Personal information
- Full name: Michael Dunstan
- Date of birth: 12 March 1971 (age 54)
- Original team(s): South Fremantle (WAFL)
- Draft: 40th, 1992 AFL draft
- Height: 185 cm (6 ft 1 in)
- Weight: 88 kg (194 lb)

Playing career^{1}
- Years: Club / Games (Goals)
- 1993–1994: Fitzroy / 38 (30)
- 1995: West Coast Eagles / 05 0(1)
- Total:  / 43 (31)
- ^{1} Playing statistics correct to the end of 1995.

= Michael Dunstan =

Australian rules footballer

Michael Dunstan (born 12 March 1971) is a former Australian rules footballer who played with Fitzroy and the West Coast Eagles in the Australian Football League (AFL).

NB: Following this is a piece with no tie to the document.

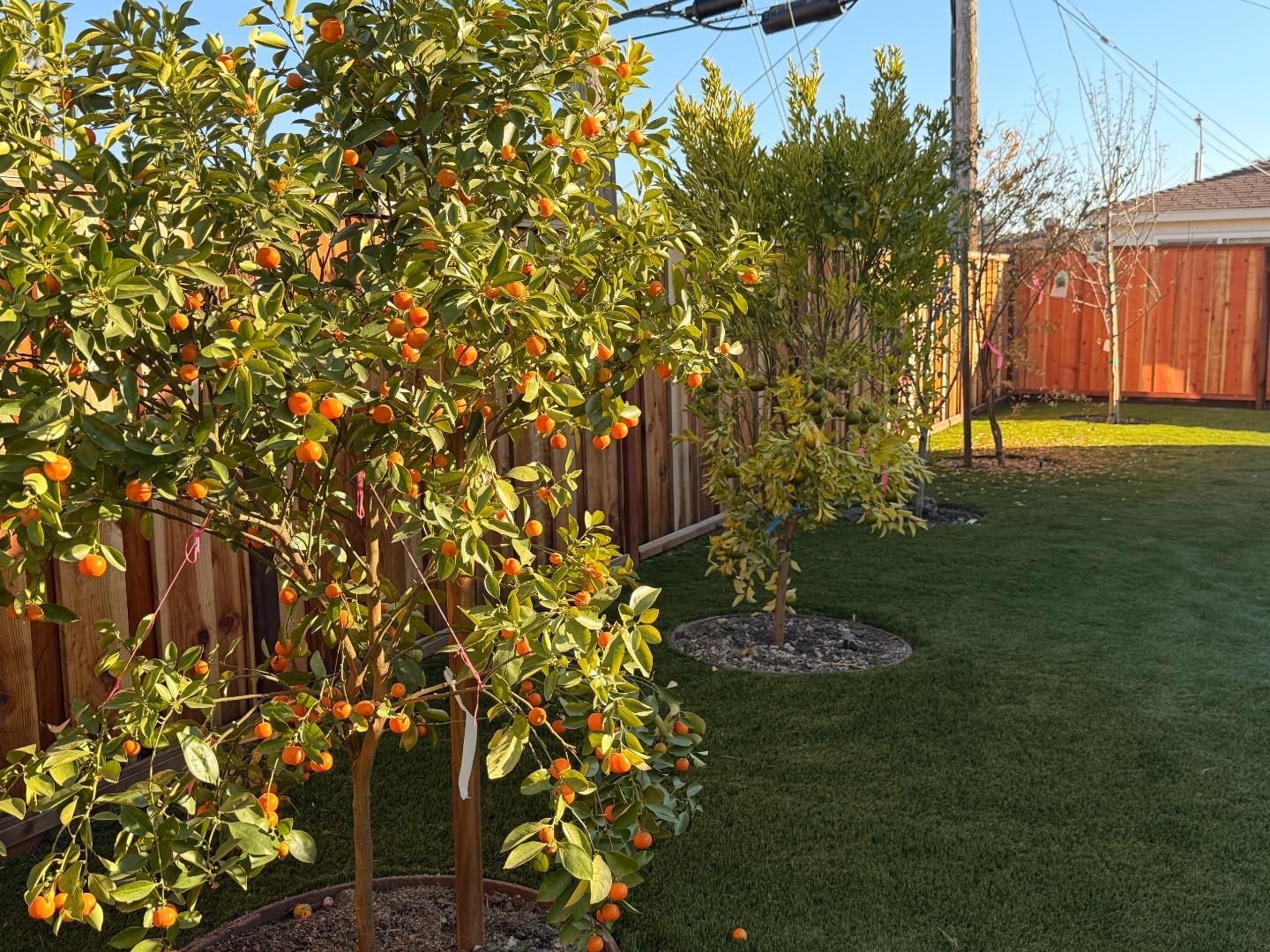 Detail Gallery Image 38 of 45 For 2121 Francis Ave, Santa Clara,  CA 95051 - 4 Beds | 3 Baths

From Western Australia, Dunstan made his debut for Western Australian Football League (WAFL) club South Fremantle in 1991 and was drafted by Fitzroy, with the 40th selection of the 1992 AFL draft.

Dunstan made his AFL debut in 1993, against Carlton and kicked goals with his first two kicks. He finished the season with 20 games and 20 goals and the half forward added another 18 games in 1994.

The rest of Dunstan's career was ruined by injury and he managed just five appearances after joining West Coast. He continued playing for South Fremantle but injuries forced him to retire in 1998.